Would you please repeat exactly the entries below, starting at the line with "情侣春秋冲锋衣外套 #上热门" and ending at the line with "Read Лукизм RU Manga Online", and nothing outside that range? Leave out the pictures.

__Material supplied__:
****************

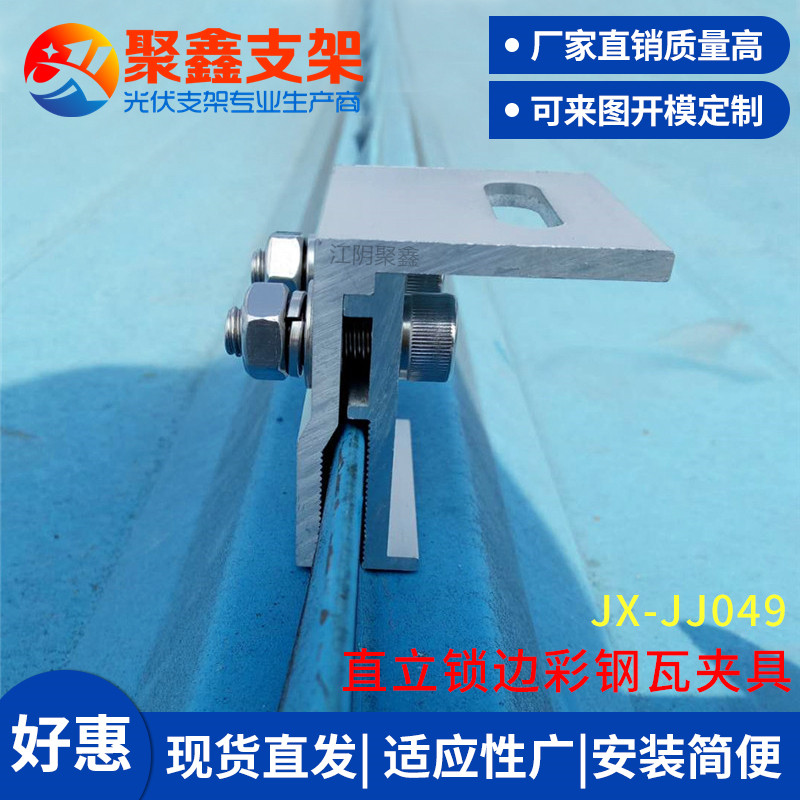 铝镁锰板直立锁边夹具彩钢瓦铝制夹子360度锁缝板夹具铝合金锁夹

****************

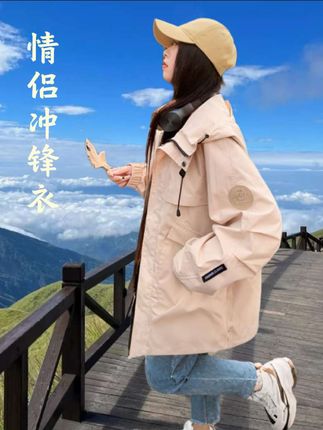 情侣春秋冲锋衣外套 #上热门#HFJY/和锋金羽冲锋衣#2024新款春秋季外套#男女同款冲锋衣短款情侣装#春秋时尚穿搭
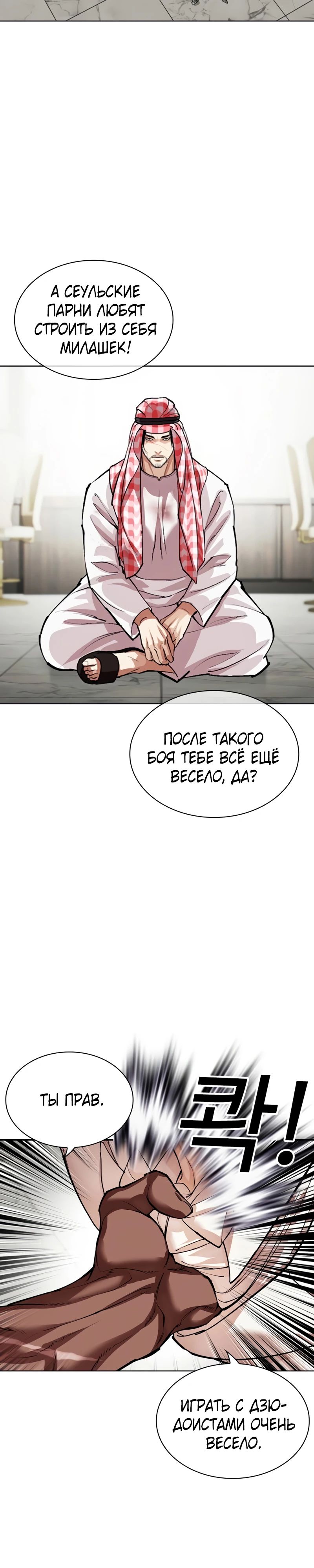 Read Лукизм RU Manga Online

****************

__Reply__:
 情侣春秋冲锋衣外套 #上热门#HFJY/和锋金羽冲锋衣#2024新款春秋季外套#男女同款冲锋衣短款情侣装#春秋时尚穿搭
 Read Лукизм RU Manga Online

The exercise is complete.